# Miniproject 1: Multimodal Learning
## Noah Foster

First, we will import the necessary libraries and modules, the go through the five steps.

These imports are largely cannibalized from the examples. Some code has been modifying to reflect my Macbook Air's lack of a GPU.

In [1]:
import numpy as np
import torch
from pkg_resources import packaging
import clip

import os
import skimage
import IPython.display
import matplotlib.pyplot as plt
from PIL import Image
import numpy as np

from collections import OrderedDict
import torch
import random

# set random seed:
random.seed(2952)
np.random.seed(2952)
torch.manual_seed(2952)

from torchvision.datasets import CIFAR10

In [2]:
model, preprocess = clip.load("RN50")
model.eval()

cifar10_test = CIFAR10(os.path.expanduser("~/.cache"), transform=preprocess, download=True, train=False)

text_descriptions = [f"This is a photo of a {label}" for label in cifar10_test.classes]
text_tokens = clip.tokenize(text_descriptions)

with torch.no_grad():
    text_features = model.encode_text(text_tokens).float()
    text_features /= text_features.norm(dim=-1, keepdim=True)

Files already downloaded and verified


# Step 1: 0-Shot Image Classification (CIFAR 10)
## Task 1

Finding the image features is the first step.
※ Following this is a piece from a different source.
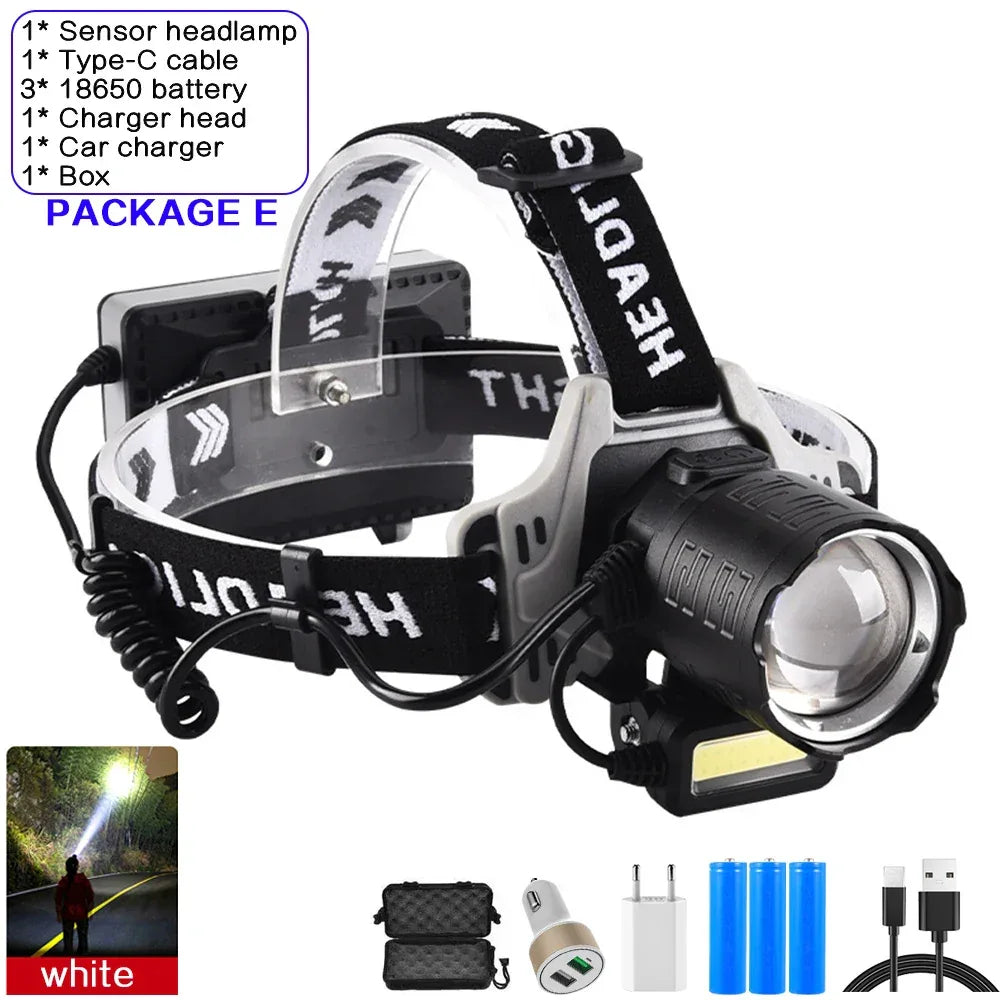 Kraftfull LED Pannlampa 120000lm - USB Laddbar med Sensor & Powerbank. VIT-E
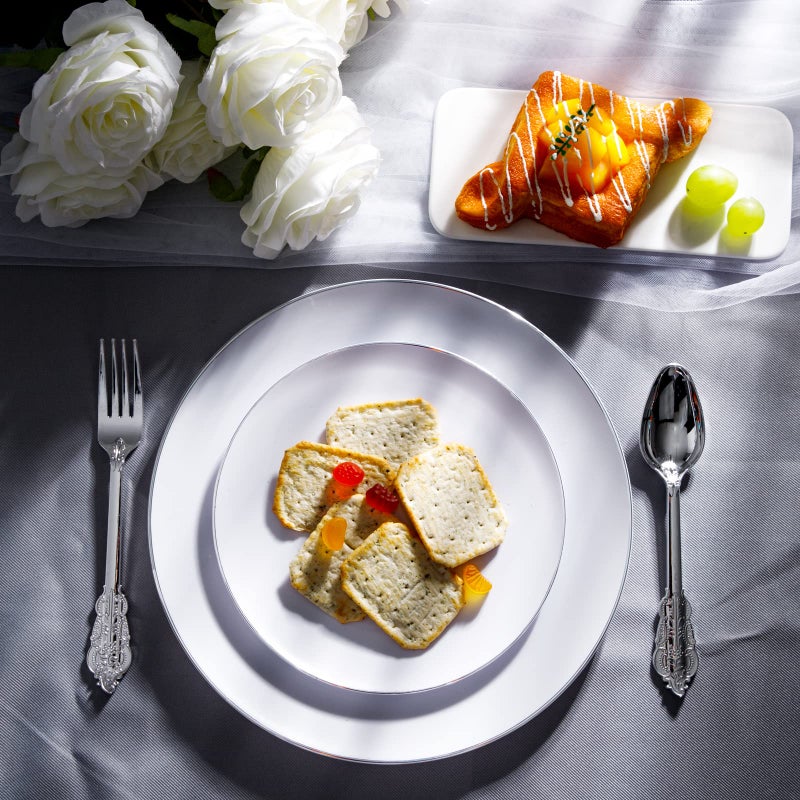 KIRE 100PCS Silver Plastic Plates - Heavy Duty White Disposable Plates with Silver Rim for Party/Wedding - Include 50Pcs 10.25inch Dinner Plates and 50Pcs 7.5inch Dessert Plates - Image 3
We will use the pretrained ResNet50 model to extract the features from 500 images.

In [3]:
text_features.shape # (10, 1024) is for the 10 classes and 1024 dimensional embeddings

image_indicies = random.sample(range(len(cifar10_test)), 500) # This comes to 1/20th of the test set
images = [cifar10_test[idx] for idx in image_indicies] # 500 tuples of (image, label) where image is 

test_labels = [image[1] for image in images]
images = [image[0] for image in images]

n = 10
imgs_batched_by_n = [ # 50 batches of (n, 3, 224, 224)
    torch.stack(images[i:i+n])
    for i in range(0, len(images), n)
] 


with torch.no_grad(): # Macbook air does not have fun here. Still only takes a minute and a half
    test_image_features = np.concatenate(
        [model.encode_image(img_batch).float() for img_batch in imgs_batched_by_n], axis=0
    ) # (500, 1024)

    test_image_features /= np.linalg.norm(test_image_features, axis=-1, keepdims=True) # I need the numpy version here because of my stacking

Dotting the normalized image features with the normalized word vectors gives us the cosine similarity between the image and the word. 

In [4]:
similarities = text_features.numpy() @ test_image_features.T

likely_labels = np.argmax(similarities, axis=0)
accuracy = sum(likely_labels == test_labels) / len(test_labels)
print(f"Accuracy: {accuracy:.1%}")

Accuracy: 75.2%


This substantially beats the baseline of random guessing, which is just guessing the most common class. This baseline is:

In [5]:
mode = max(set(test_labels), key=test_labels.count)
print(f"The most common class in my random sample is '{cifar10_test.classes[mode]}', which accounts for {test_labels.count(mode)} of the 500 images.")
print(f"This means that a model that always predicts '{cifar10_test.classes[mode]}' would have an accuracy of {test_labels.count(mode)/len(test_labels):.1%}.")

The most common class in my random sample is 'automobile', which accounts for 65 of the 500 images.
This means that a model that always predicts 'automobile' would have an accuracy of 13.0%.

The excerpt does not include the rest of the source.